*** Available records ***

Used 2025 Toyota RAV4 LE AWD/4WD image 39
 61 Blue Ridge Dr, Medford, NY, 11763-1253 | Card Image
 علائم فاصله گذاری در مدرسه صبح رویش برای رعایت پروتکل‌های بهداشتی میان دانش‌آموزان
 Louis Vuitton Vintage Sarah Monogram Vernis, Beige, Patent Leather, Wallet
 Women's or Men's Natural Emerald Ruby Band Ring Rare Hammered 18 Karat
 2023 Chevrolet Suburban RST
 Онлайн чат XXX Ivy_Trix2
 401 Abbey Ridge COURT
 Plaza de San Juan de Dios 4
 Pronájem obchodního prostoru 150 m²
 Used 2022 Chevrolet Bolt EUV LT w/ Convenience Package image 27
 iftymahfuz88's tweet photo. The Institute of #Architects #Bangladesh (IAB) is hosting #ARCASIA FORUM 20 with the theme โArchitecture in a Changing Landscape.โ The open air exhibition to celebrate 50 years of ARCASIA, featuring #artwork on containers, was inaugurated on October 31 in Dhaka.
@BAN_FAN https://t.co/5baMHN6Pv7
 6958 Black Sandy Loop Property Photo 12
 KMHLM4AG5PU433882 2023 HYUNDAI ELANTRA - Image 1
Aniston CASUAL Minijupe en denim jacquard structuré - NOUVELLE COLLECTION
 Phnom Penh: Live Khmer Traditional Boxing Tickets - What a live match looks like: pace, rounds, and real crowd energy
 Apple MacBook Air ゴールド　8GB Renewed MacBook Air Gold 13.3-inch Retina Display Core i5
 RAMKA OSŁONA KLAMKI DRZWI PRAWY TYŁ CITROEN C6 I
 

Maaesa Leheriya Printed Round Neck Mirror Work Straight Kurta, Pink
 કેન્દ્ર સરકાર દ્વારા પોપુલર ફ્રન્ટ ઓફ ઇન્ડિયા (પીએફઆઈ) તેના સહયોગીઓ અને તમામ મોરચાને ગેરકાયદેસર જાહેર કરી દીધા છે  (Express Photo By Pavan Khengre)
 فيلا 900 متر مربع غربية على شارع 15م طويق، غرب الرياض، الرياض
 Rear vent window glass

*** End of Available records ***

Go through the entries above and count the lines containing the word "Ridge"; give only that count.

2